DATASET CONTENT ->
*-*-*

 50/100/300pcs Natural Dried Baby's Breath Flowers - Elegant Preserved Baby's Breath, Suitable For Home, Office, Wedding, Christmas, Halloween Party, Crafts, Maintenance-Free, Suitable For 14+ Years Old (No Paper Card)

*-*-*

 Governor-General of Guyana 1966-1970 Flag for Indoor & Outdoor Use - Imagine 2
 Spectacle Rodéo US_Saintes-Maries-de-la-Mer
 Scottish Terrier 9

*-*-*

DIRECTIONS FOR THIS TASK -> Would you please write out, exactly and with no other lines, the stretch of the listing above from the line containing "Spectacle Rodéo US_Saintes-Maries-de-la-Mer" through the line containing "Scottish Terrier 9"?

SOLUTION FOR THIS EXERCISE ->
 Spectacle Rodéo US_Saintes-Maries-de-la-Mer
 Scottish Terrier 9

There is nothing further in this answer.